Une seconde vie pour les guitares de « Dédé » Fortin

Officiellement introduites dans la collection nationale


Publié le 6 avril 2017

Pour marquer la donation, la Fender Telecaster d’André « Dédé » Fortin a résonné à nouveau sous les doigts du guitariste Joey Robin Hachey, en compagnie de l'ancien batteur des Colocs, Jimmy Bourgouing.

HOMMAGE. Dix-sept ans après la mort du chanteur des Colocs, la famille Fortin se sépare avec émotion de la guitare de feu et de la Fender Telecaster d’André « Dédé » Fortin. Elles sont remises à la collection nationale et ajoutées à la nouvelle mouture de l’exposition Le temps des Québécois du Musée de la Civilisation.

Pour marquer le moment, la guitare Fender Telecaster d’André « Dédé » Fortin a joué à nouveau. Le jeune guitariste Joey Robin Hachey l’a fait résonner devant des proches qui tapaient du pied et soufflaient les paroles.

La dernière fois qu’il a vu la guitare, l’ancien batteur et membre fondateur des Colocs, Jimmy Bourgoing, se rappelle que « c’est Dédé qui l’avait dans le cou ». Avant de s’installer derrière la batterie pour deux chansons, le complice du défunt chanteur raconte qu’il n’a pu s’empêcher de prendre la guitare et la serrer. « C’est pas mon frère André, mais c’est quelqu’un qui m’a marqué à vie.

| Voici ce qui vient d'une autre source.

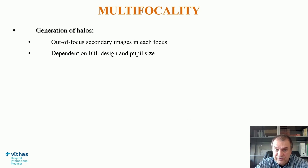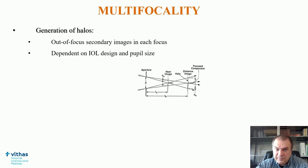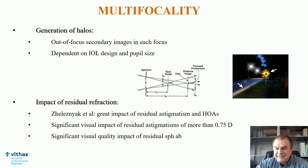What is the problem with all these designs? One of them is the generation of halos — out-of-focus secondary images in each focus — which is very dependent on IOL design and pupil size, but also the impact of residual refraction, which is very relevant. It has been demonstrated that there is a great impact of residual astigmatism and high-order aberrations with different models of diffractive multifocal IOLs.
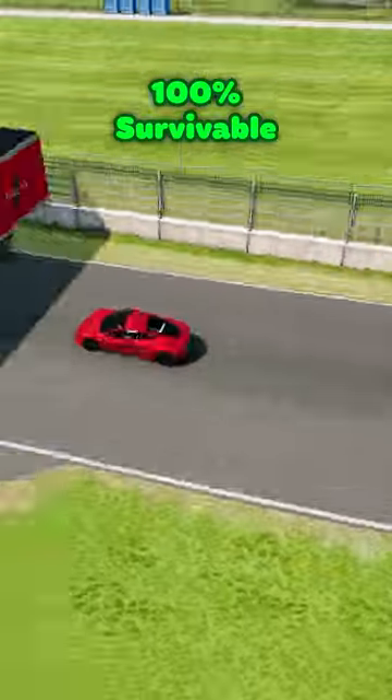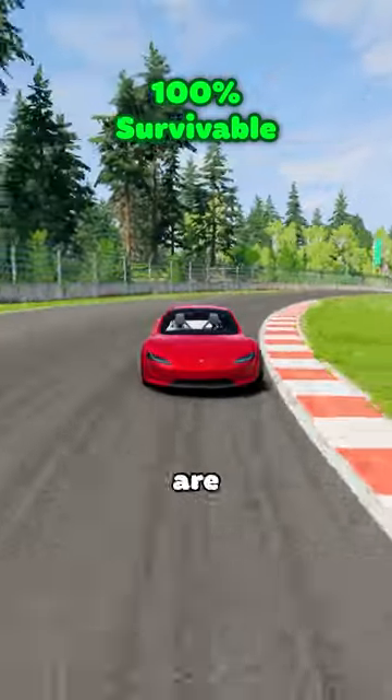Tesla Roadster — as usual, electric vehicles are just better.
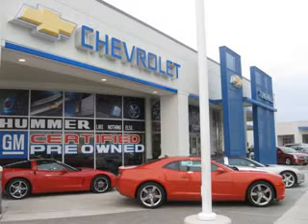Chevrolet of Turnersville, located at the Turnersville Auto Mall, is just minutes from the Walt Whitman Bridge in Turnersville, New Jersey. With a full selection of new Chevrolet and certified pre-owned Chevrolet vehicles, we're excited to be serving the needs of South Jersey Chevrolet customers.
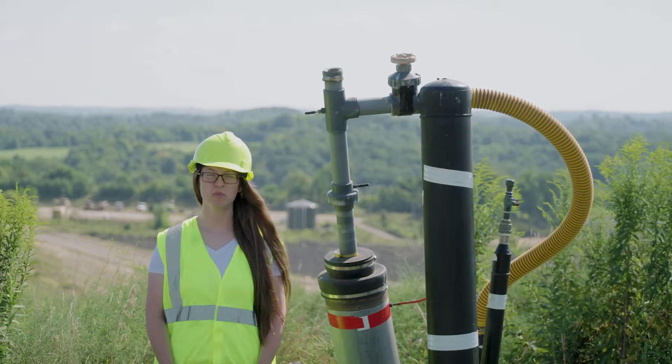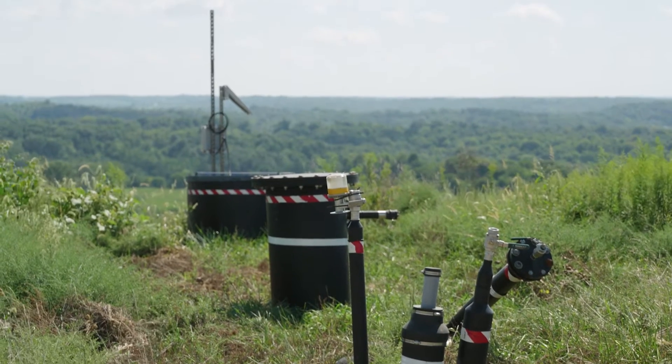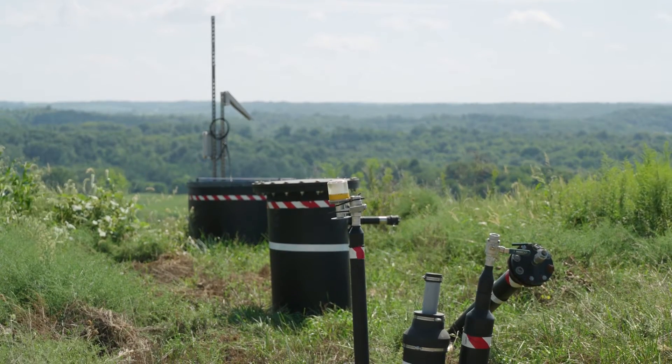Decomposing waste in a landfill produces gas. Landfills are designed to contain, collect, and control that gas through a network of pipes and wells, helping to better protect human health and the environment.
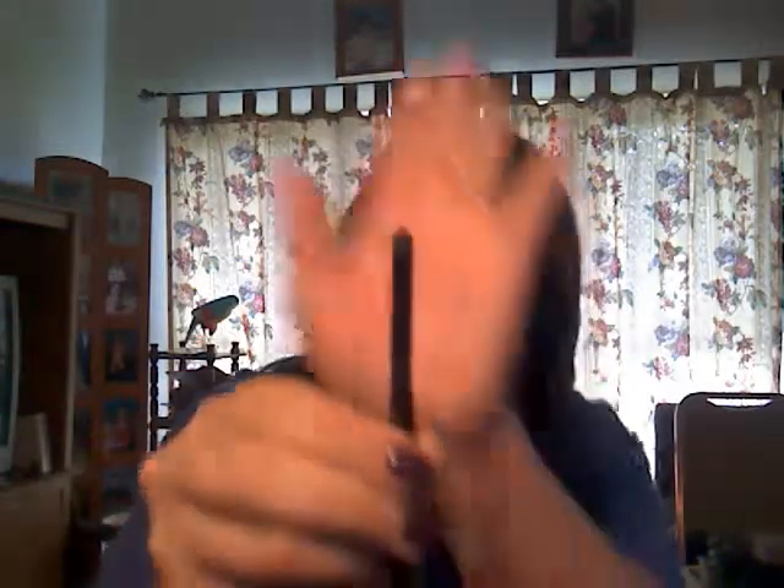This is my ELF Professional Smudge Eye Sponge. I carry this around everywhere I go, just in case.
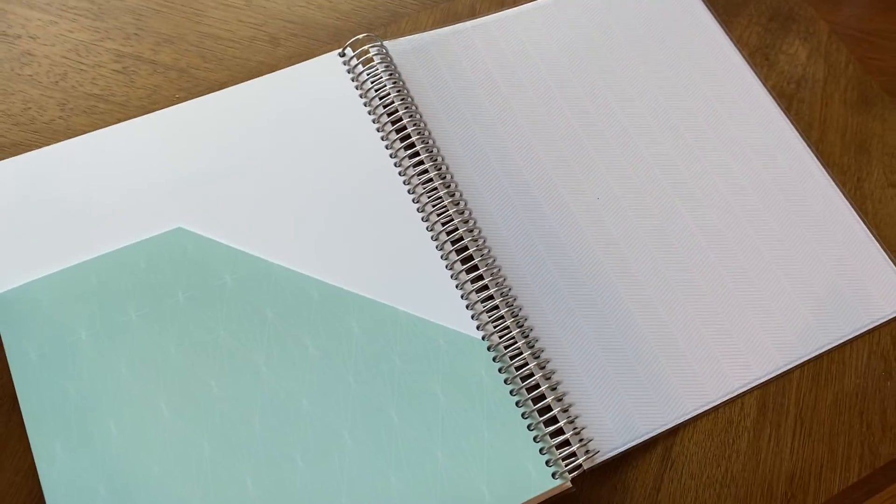The next feature that I like to have in my planner is a folder. Sometimes it's a whole folder, sometimes it's just a little half sleeve, but what I like about this is that any item you put in there isn't going to fall out no matter where you take your planner. You might have bills, notes, post-its, or whatever, and knowing that it's safe inside my planner is really important to me.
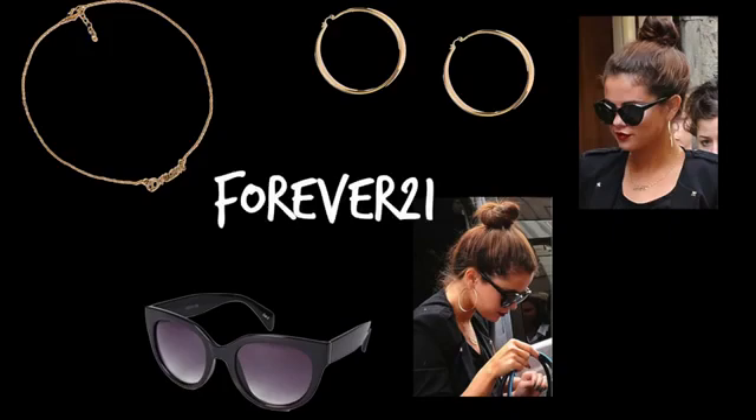Now for the accessories, I found all of them from Forever 21, including these cat-eye sunglasses, a gold chain necklace, and gold hoop earrings.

Pour moi, c’était touchant de lui redonner vie ».

Difficile séparation

Le Musée de la Civilisation introduit à la collection nationale les célèbres lunettes d’aviateur de « Dédé » Fortin, deux guitares, une batterie et des trophées Félix, notamment.

Une place spéciale a été réservée à la Fender Telecaster d’André « Dédé » Fortin sur le support encore vide à côté de la « guitare de feu ».

Les premiers efforts du Musée de la civilisation pour faire passer ces objets à l’histoire remontent à plus de cinq ans. « Difficile de se départir de choses marquant son passage : trop d’émotion, alors ça a été long », a simplement justifié le frère d’André Fortin, Réal. « Pour faire la paix avec ses regrets, ça prend du temps », a-t-il repris de la chanson Dehors novembre.

Préserver la mémoire du fondateur des Colocs, qui avait été dispersée à travers la famille, est devenu avec le temps « un devoir » pour Réal Fortin et ses frères et sœurs. On a d’abord accepté de prêter les guitares dans le cadre de précédentes expositions, puis on s’est laissé convaincre de « l’importance de l’œuvre d’André ». Réal Fortin s’est départi de la guitare de feu de « Dédé » : « De toute façon, elle n’est plus bonne. Elle est bonne pour représenter André, dans le fond. » Les objets les plus représentatifs sont aujourd’hui réunis au Musée de la Civilisation. 

Exposition renouvelée

En plus des objets ayant appartenu à André Fortin, le Musée de la Civilisation ajoute une panoplie d’artefacts à son exposition Le temps des Québécois, inaugurée en 2004.

À la demande du public, on a intégré des objets représentant les Filles du Roy et l’esclavagisme en Nouvelle-France. On a aussi inclus des vêtements et costumes de personnages marquants : de « la Poune » en passant par la Bolduc et Bobino et Bobinette.